(Provided material)

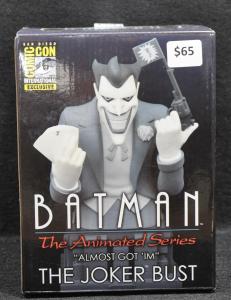 Batman Animated Series Almost Got 'Im Joker Bust Ltd 1100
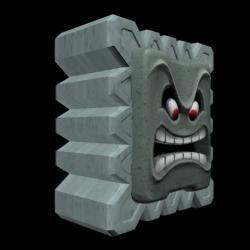 thwomp mario 64 3d models 【 STLFinder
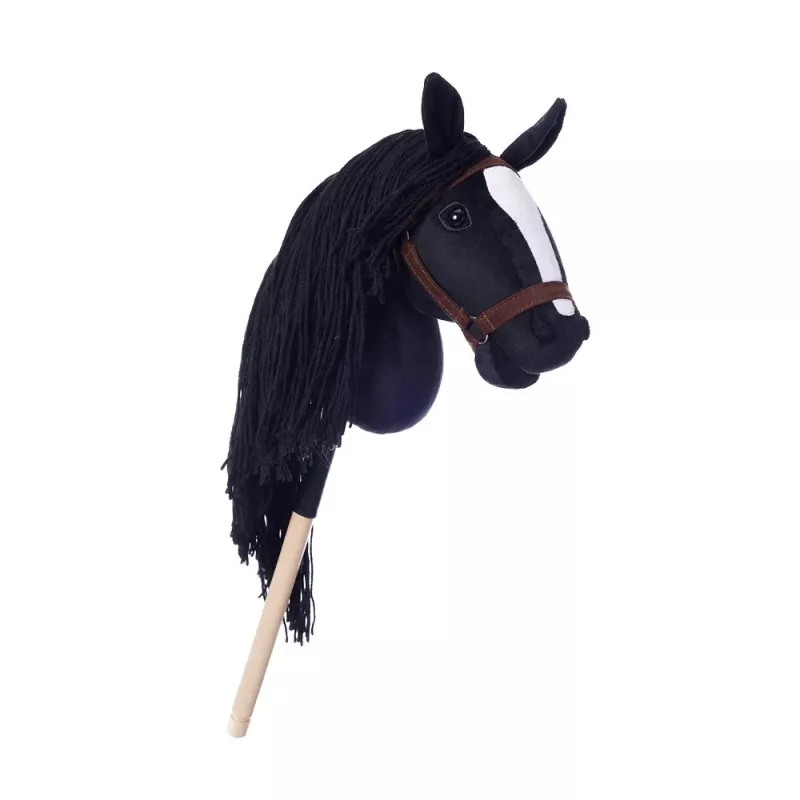Horse on a stick HOPPIHORSE Hobby Horse A3 Juoda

(End Provided material)

Task to carry out: Pictures are to be excluded; all other material must be transcribed exactly.

Answer space:
 Batman Animated Series Almost Got 'Im Joker Bust Ltd 1100
 thwomp mario 64 3d models 【 STLFinder
Horse on a stick HOPPIHORSE Hobby Horse A3 Juoda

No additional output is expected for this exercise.